Otro, el que a mí me resultó más impactante, muestra un dibujo que hizo su padre de una persona obesa y escrito a lápiz al lado una advertencia: “ella acabará así si no empieza a hacer algo al respecto”. Por si no es suficiente sentirte dentro de un cuerpo que odias, los demás te lo recordarán constantemente. Por eso, la mayoría de sus retratos son intimistas y muestran de cerca a jóvenes con semblante triste y resignado. Están acostumbrados a ser señalados con el dedo, a los cuchicheos, a las risas, a las humillaciones. Una chica pelirroja mira fijamente a la cámara con la palabra FAT escrita con lápiz de ojos en su frente. Eso fue exactamente lo que le ocurrió un día que se quedó dormida en el autobús, cuando se despertó alguien le había escrito eso en su cara. Precisamente para evitar comentarios y bromas de mal gusto, otro chico ha preferido dejar de salir con sus amigos y encerrarse en su habitación: la vida virtual que le ofrece internet le permite no tener que excusarse cada vez que alguien le reprocha haber cogido unos quilos últimamente.
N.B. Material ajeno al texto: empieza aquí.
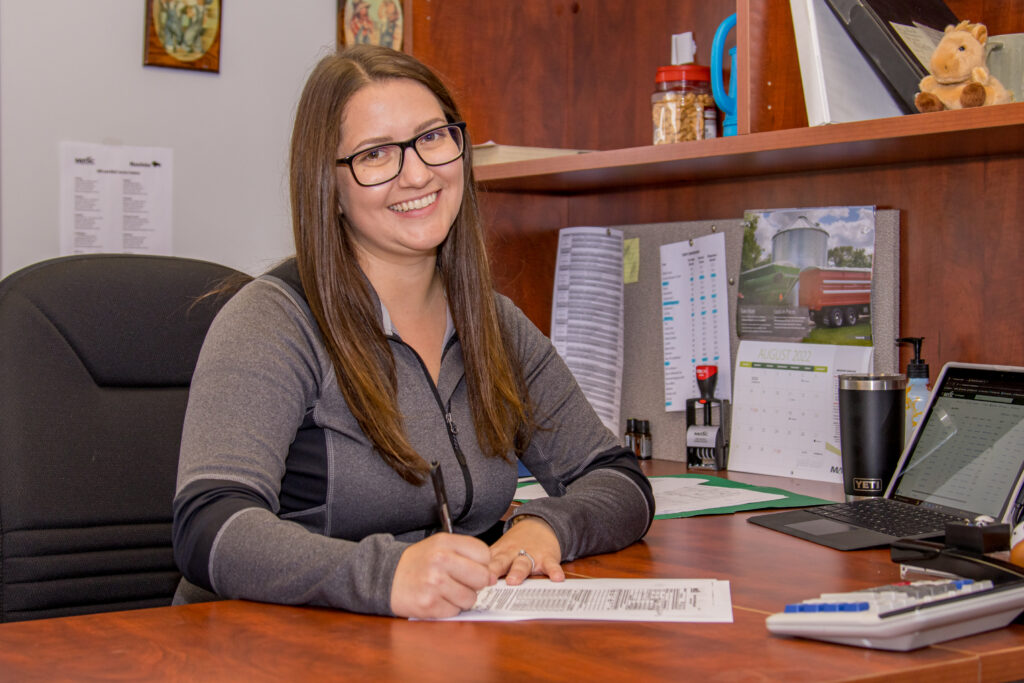 MASC staff seated at an office desk writing on a form, with a laptop, calendar, and office supplies visible.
Eso es lo que más lamenta Shannon, la gran protagonista de ‘The big O’, el tener que pedir perdón por ser como es. Sirve de modelo en varias fotografías y una de ellas ganó el segundo premio en la categoría “Retratos” del concurso World Press Photo en 2014. En ella se puede ver a una chica que, aunque acaba de cumplir 16 años, lleva toda su vida luchando contra la obesidad. Posa en ropa interior y su cara muestra cansancio por una batalla personal que dura ya demasiado tiempo. Al día siguiente se someterá a una operación para insertarse un balón gástrico que la ayude a adelgazar. “No me aconsejes que coma menos o que haga más ejercicio. Te pido que te pongas un día en mis zapatos y luego me digas qué piensas”, comenta.

 

Kiss it!  Shannon, 16, has a tattoo on her bottom cheek as a 16th birthday present to herself. From the series The Big O, an intimate porttrait of the children behind the obesity statstics in the UK.  It is estimated that 1 in 3 children in the UK are now classified as obese or overweight.
Shannon se regaló un tatuaje en la nalga (“Kiss it!”) cuando cumplió 16 años.

 

Las redes sociales están inundadas de hashtags buenrollistas y tolerantes como #gordibuena, #loveyourself, #honormycurves #fatshion o #bodypositive, ojalá algo esté cambiando de verdad, pero lo cierto es que estar gordo sigue sin ser aceptado en nuestra sociedad. Lo vemos, lo oímos y lo notamos todos los días. No se perdona. Hay rasgos físicos que, aunque se consideren negativos, se pasan por alto al instante porque, digámoslo de forma sencilla, hay que aceptarlos porque no se puede hacer nada para remediarlo; se tienen y punto, como ser bajito o ser calvo. Sin embargo a una persona con sobrepeso siempre se le hará sentir culpable porque de cara a los demás estar gordo es voluntario y, por tanto, si lo eres es porque eres un zampabollos cuanto menos.

Shannon estaba harta de que la juzgaran por su apariencia, de que al mirarla sólo vieran los quilos de más, las estrías, la grasa. Trayler-Smith explica que desgraciadamente la operación no le sirvió de mucho ya que ha perdido muy poco peso. Pero hoy día sigue librando la lucha más importante de su vida: la de aceptarse, la de sentirse bien a pesar de lo que digan los demás. La de vencer a esa gran O con la que los demás la señalan.